Souvent issus de viols perpétrés par les colons sur celles qu’ils appelaient leurs « ménagères », servantes octroyées aux exilés, ces enfants trop gênants furent, pour la plupart abandonnés par leur père, arrachés à leur mère et confiés à des orphelinats. Au moment de l’indépendance, beaucoup d’entre eux furent ramenés en Belgique, munis d’un passeport qui allait leur être retiré, puis placés dans des foyers ou confiés à l’adoption. On ignore ce qu’il advint de ceux restés en Afrique. […]

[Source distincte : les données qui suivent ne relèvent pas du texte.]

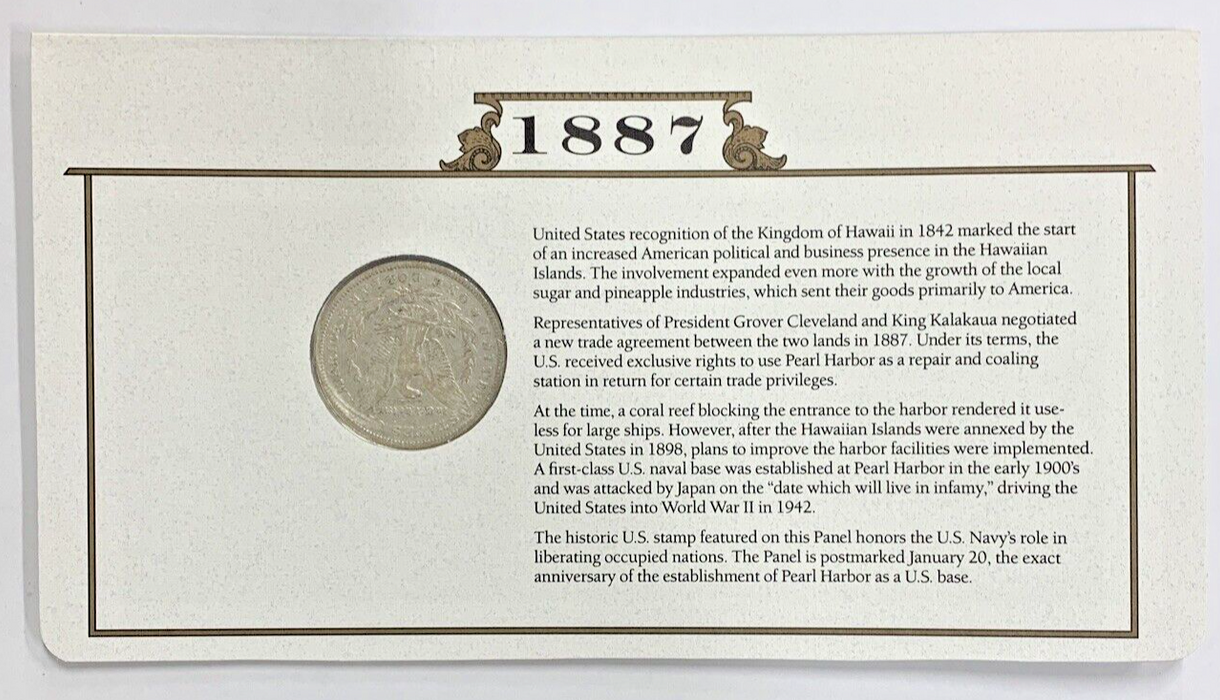 1887-O Morgan Silver Dollar $1 Coin Collection-Commemorative Stamp Card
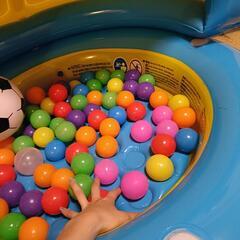 引取限定！　¥1000)　ボールプール　日除け付きプール　シャークプール　屋根付き　サッカーゴールにもなる　の画像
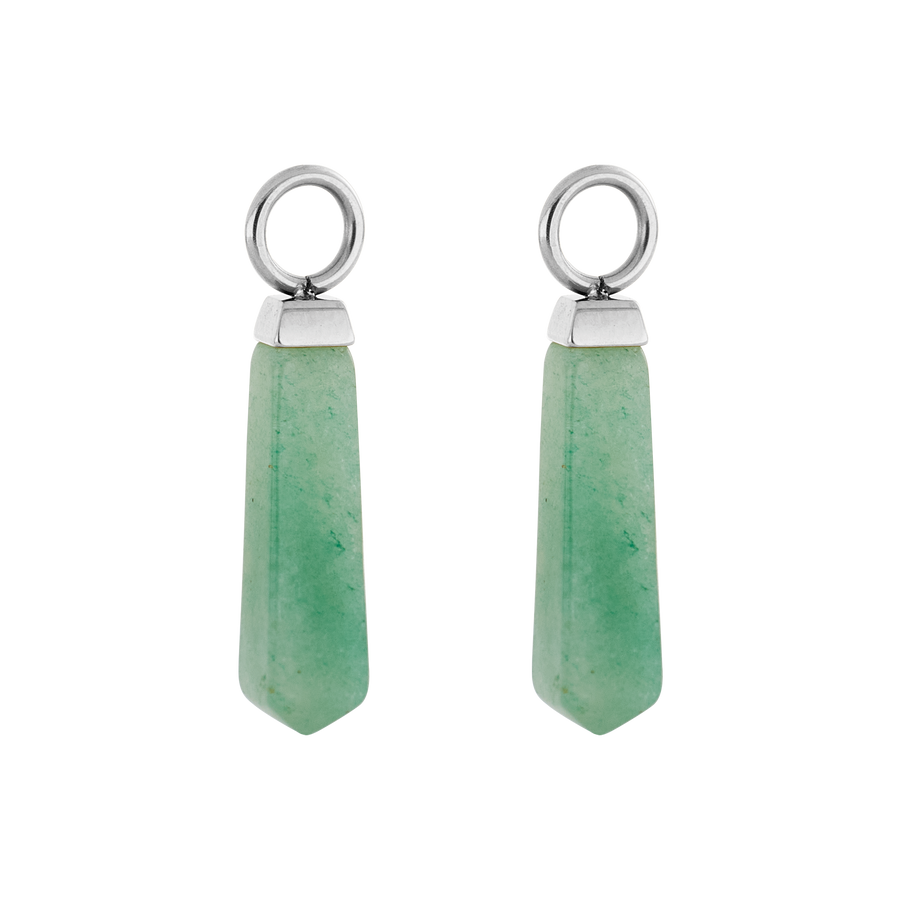 EAR ME UP Charm Obelisco Verde-Argento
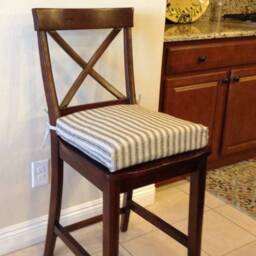 Black Ticking Stripe Chair Cushions, Rustic Stool Seat Cushion, Hayes Denton Pad, Replacement Cushion 18 - thumbnail 3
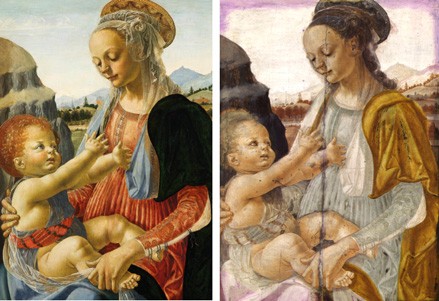(Left) Detail of Andrea del Verrocchio’s Madonna and Child (c. 1465/1470, Staatliche Museen zu Berlin, Gemäldegalerie, © bpk Bildagentur / Staatliche Museen, Berlin / Jörg P. Anders./ Art Resource, NY). (Right) The false-color composite image of the painting obtained with the Gallery’s infrared reflectance imaging camera.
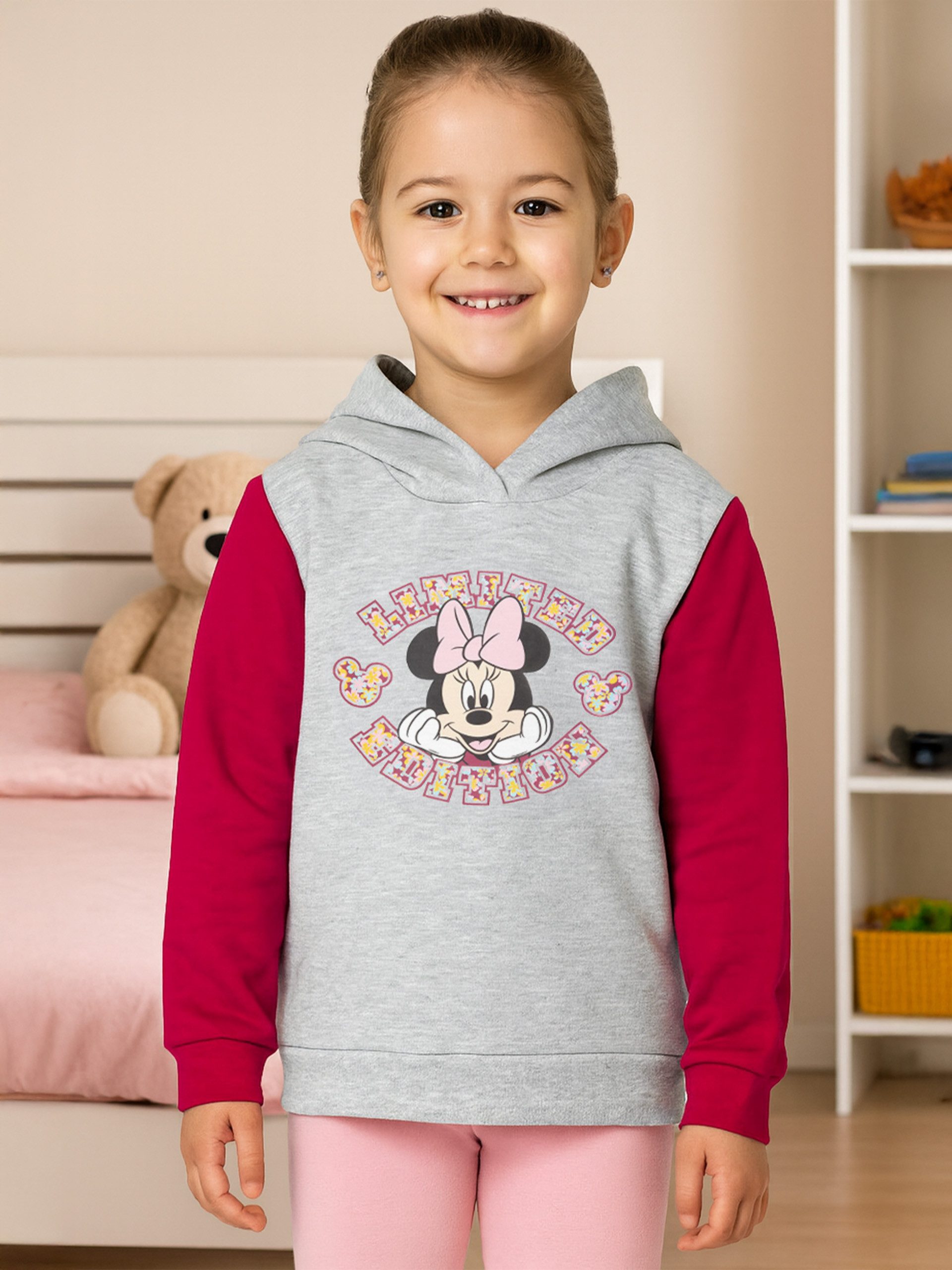 United Labels® Sweatshirt Disney - Minnie Mouse - Limited Edition-Print mit Blümchen, Hoodie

Des témoignages comme celui-là, les députés belges, qui ont finalement décidé d’enquêter sur cette page oubliée de l’histoire, ne les ont d’abord pas crus. Puis, ils ont été bouleversés par ces récits de vies brisées, portés par une Association des métis de Belgique (AMB), soucieuse de donner à ces victimes d’une politique ségrégationniste la reconnaissance qu’elles méritaient. […]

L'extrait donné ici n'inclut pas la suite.